CLINTON TOWNSHIP — Ground was broken in Lycoming County Tuesday for a new natural gas power plant and a lot of the electricity generated is expected to heat homes and businesses in Pennsylvania.
Officials said they plan on using Marcellus Shale to generate electricity to power the community at the new plant that will bring jobs and more money to Central Pennsylvania.
Officials and project leaders broke ground at the future site of the Patriot Generating Station in Clinton Township near Montgomery. It is the second electric power plant in Pennsylvania that will use natural gas from Marcellus Shale. Even though the ground breaking was only held Tuesday, the contractor, Gemma Power, has already done quite a bit of work on the project.
“I would say about 25% complete,” said Fred Grasty, Quality Control Manager.
Grasty is from Montgomery. He has been working at the site since December. Officials said there are already 200 people working at the site. That number could increase to 500 before the project is done.

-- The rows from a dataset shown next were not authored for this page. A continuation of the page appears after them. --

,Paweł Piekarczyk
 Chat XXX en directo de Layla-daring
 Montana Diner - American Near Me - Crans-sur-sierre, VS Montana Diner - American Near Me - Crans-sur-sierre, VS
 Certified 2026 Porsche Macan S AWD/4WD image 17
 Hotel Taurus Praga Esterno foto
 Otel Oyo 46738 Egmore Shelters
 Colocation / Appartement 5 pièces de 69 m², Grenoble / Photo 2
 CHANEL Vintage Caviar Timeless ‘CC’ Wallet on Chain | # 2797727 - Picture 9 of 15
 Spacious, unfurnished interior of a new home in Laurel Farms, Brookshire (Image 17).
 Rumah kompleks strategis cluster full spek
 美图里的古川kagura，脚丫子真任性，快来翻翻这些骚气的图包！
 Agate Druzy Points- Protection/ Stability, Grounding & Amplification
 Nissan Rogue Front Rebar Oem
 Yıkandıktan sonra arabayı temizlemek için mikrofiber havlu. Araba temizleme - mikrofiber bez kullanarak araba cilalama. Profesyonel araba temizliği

“It’s bringing in welders, electricians, piper fitters, and laborers.” said Grasty.
Grasty said local people are looking for jobs, “I just hired a guy the other day last week. That’s a local Montgomery hand.”
“This project here we feel very, very good about it, because it’s going to spend an awful lot on real estate taxes, which will be good for our county, our township,” said Bob More.
More sold 86 acres of his property where the power plant is being built. Many in the Montgomery area hope the site will improve their community.
Once construction is complete, gas from the Marcellus Shale will be brought in and help create electricity, which will in turn help power homes, schools, and businesses all across Pennsylvania.
“Produce locally and can be distributed locally,” said Greg Snyder from Siemens Energy.
Project leaders said the facility will help power up to a million homes in Pennsylvania and be a boost to the area’s economy.
“It will be a long 30, 40, 50 year producer of jobs and supporter of the local community,” said Snyder.
Once up and running, officials said the gas fired power plant could bring up to $5.8 billion to the local economy and create about 30 permanent positions. The construction project is expected to be complete by 2016.